62-latka prawie 800 razy zapłaciła ukradzioną kartą
Policja w Krakowie miała okazję dokonać niecodziennego zatrzymania. Przestępcą okazała się kobieta w wieku 62 lata, która znalazła cudzą kartę płatniczą i posłużyła się nią prawie 800 razy. Zanim właścicielka zorientowała się, że z jej konta znikają pieniądze, minęło 10 miesięcy. W tym czasie seniorka zdążyła wyprowadzić z rachunku ponad 6000 zł.
Płaciła cudzą znalezioną kartą 771 razy
O przestępstwie poinformowało biuro prasowe z zespołu prasowego małopolskiej policji. W oficjalnym komunikacie wskazano, że:
Krakowscy policjanci zatrzymali 62-letnią kobietę, podejrzaną o przywłaszczenie zagubionej karty płatniczej i posłużenie się nią … 771 razy.

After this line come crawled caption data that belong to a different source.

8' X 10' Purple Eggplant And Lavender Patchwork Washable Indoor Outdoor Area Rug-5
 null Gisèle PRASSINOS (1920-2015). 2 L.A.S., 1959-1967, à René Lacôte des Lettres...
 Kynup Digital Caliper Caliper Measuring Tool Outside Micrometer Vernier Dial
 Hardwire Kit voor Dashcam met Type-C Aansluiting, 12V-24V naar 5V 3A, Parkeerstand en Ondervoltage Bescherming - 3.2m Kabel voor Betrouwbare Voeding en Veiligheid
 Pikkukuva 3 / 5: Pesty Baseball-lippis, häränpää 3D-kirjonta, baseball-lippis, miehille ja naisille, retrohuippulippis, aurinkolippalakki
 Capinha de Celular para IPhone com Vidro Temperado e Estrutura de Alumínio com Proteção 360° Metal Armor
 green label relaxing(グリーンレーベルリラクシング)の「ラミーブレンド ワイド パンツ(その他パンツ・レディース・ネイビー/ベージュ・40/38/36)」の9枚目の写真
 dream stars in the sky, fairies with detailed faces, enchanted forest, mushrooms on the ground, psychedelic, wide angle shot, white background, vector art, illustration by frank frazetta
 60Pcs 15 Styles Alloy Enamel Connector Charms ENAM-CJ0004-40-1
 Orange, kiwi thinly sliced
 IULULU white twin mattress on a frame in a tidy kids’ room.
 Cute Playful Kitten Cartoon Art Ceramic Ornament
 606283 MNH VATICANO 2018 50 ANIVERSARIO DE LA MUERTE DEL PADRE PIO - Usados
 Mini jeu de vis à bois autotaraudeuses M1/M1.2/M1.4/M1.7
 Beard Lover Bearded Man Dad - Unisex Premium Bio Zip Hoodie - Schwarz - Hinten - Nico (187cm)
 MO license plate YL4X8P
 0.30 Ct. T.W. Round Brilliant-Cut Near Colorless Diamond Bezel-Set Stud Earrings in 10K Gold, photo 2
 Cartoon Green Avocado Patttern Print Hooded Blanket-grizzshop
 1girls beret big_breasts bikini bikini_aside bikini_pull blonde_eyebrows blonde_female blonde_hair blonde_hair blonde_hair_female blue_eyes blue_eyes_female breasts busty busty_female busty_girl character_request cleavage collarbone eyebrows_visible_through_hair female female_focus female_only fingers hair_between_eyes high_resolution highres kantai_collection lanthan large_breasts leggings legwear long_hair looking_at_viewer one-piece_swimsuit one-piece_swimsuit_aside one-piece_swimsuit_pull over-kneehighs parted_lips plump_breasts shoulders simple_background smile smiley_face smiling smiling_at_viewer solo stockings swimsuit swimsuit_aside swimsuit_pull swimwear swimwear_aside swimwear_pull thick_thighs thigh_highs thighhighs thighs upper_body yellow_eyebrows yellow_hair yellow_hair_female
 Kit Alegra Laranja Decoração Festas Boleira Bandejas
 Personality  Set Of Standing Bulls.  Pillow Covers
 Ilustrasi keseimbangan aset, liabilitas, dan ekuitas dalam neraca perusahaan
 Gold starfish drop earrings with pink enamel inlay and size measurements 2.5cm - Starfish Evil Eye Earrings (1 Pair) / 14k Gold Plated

Za popełnione przestępstwa grozi jej do 10 lat pozbawienia wolności.
Właścicielka nie zauważyła, że z jej konta znikały pieniądze
Właścicielka karty złożyła zawiadomienie o możliwości popełnienia przestępstwa dopiero 9 listopada tego roku, chociaż kartę zgubiła już 10 miesięcy temu. Nie zgłaszała jednak tego faktu na policję, bo, jaka sama przyznaje, była przekonana, że karta jest gdzieś w jej domu i po prostu nie może jej znaleźć.
Nie zauważała także znikania pieniędzy z konta, ponieważ – jak można wydedukować z łącznej kwoty płatności dokonanych przez 62-latkę – najprawdopodobniej jednorazowo seniorka płaciła kartą za zakupy nie droższe niż 10 zł.
Tymczasem właścicielka karty do płatności wykorzystywała swój telefon i zupełnie nie przejmowała się zgubioną kartą. Od momentu zgubienia, do momentu, w którym kobieta zorientowała się, że jej karta jest używana, minęło aż 10 miesięcy. W tym czasie seniorka, która znalazła kartę, zdążyła posłużyć się nią dokładnie 771 razy. Łączna kwota pieniędzy wyprowadzonych z konta w tym okresie to 6500 zł.
Płacenie cudzą kartą? To możliwe, nikt tego nie sprawdza
Jak kobiecie udało się tyle czasu płacić czyjąś kartą? Zapewne ze względów bezpieczeństwa starała się ona korzystać ze znalezionej karty tylko przy płaceniu za niewielkie zakupy. Najczęściej płaciła nieswoją kartą za drobne zakupy i bilety MPK. Przy tak niewielkich kwotach szansa na to, że terminal zażąda od nas potwierdzenia płatności kodem PIN, jest bardzo mała. A, jak wiadomo, zgodności danych z karty płatniczej i z dowodu osobistego żaden kasjer w sklepach nie sprawdza.
Policji udało się namierzyć 62-latkę w zaledwie kilka dni po zgłoszeniu przestępstwa. “W jej mieszkaniu policjanci znaleźli kartę płatniczą, należącą do pokrzywdzonej. Zatrzymana kobieta trafiła do komisariatu, gdzie usłyszała zarzuty przywłaszczenia oraz posłużenia się cudzą kartą płatniczą” – informuje małopolska policja na stronie internetowej.
Do 10 lat więzienia za płacenie cudzą kartą
Kobieta od razu przyznała się do winy i wyraziła skruchę z powodu popełnionych przestępstw. Wskazała również miejsce znalezienia karty – był to lokalny automat z biletami. Podejrzana wyraziła wolę dobrowolnego poddania się karze. Za ten występek grozi jej aż do 10 lat więzienia.